Sometimes what you see in rapidly growing companies is that the workload grows faster than the capacity for the company to hire skilled workers willing to do the work. This happened at some point during Facebook's growth, for example. A core responsibility of SRE teams is to provide scalability not just in terms of computational resources and capital expenditures, but in terms of human labor and operational costs. Doing this well requires working closely with the dev team and requires that the SRE team be able to make code changes or even architectural changes to the service they are supporting. This is outside the scope of centralized IT support.

You can use SRE as a buzzword but I see it as a specific role which solves a specific set of problems which are, at this point, relatively well-understood.

DougBTX · on Dec 16, 2022

In this model, dev can deploy any service they like, so SRE isn’t a gate keeper.

100011_100001 · on Dec 16, 2022

Fellow SRE/DevOps here. I agree with this interpretation.

Specifically, if things are not "working", I expect the developers to understand how their code works and what it needs to function properly. I'm constantly surprised by how much developers don't know about the app they write code for.

I'm not asking for your intellectual capital because I want to sue you. I want to understand how the app comes up.

The main problem I'm usually trying to solve is, apps are just packages of stuff, if I can deliver 1000 packages no problem, but one doesn't deliver is it the package, the address it got sent to, or is this some brand-new package requiring a different way of handling it. I need the package sender to explain to me what it contains.

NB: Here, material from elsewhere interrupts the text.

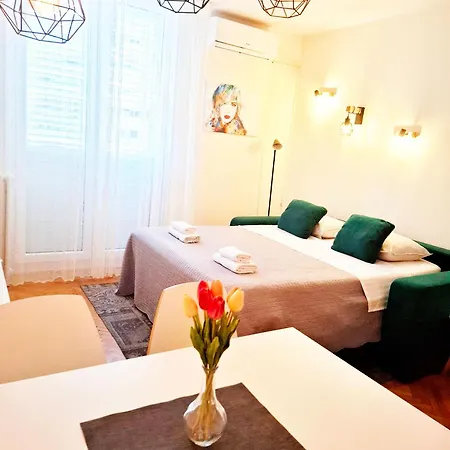 Vikttoria Urban Oasis , Explore Split With Free Public Parking *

On another note, @klodolph, if you are getting paged a lot, then your SRE needs to improve. Perhaps you were slightly exaggerating, but I consider any escalation to SRE personnel a failure on the SRE side. It's kind of a brutal metric to follow, escalations as close to 0 as possible. An interesting thing that happens if you try hunting for it is you will realize 80% of your calls come from 1 or 2 things. Addressing them will make developers happier and SREs happier.

m3drano · on Dec 16, 2022

SRE here too. We need to stop building knowledge ex ante and focus in building capabilities to introspect the service ex post, that is, during the outage. Even if you are told how it works when starting to support it, you'll have other 50 services to support too and will lose (rightfully) track of where things stand at the moment you need.

Build telemetry and convergence into well known platforms to make response easier.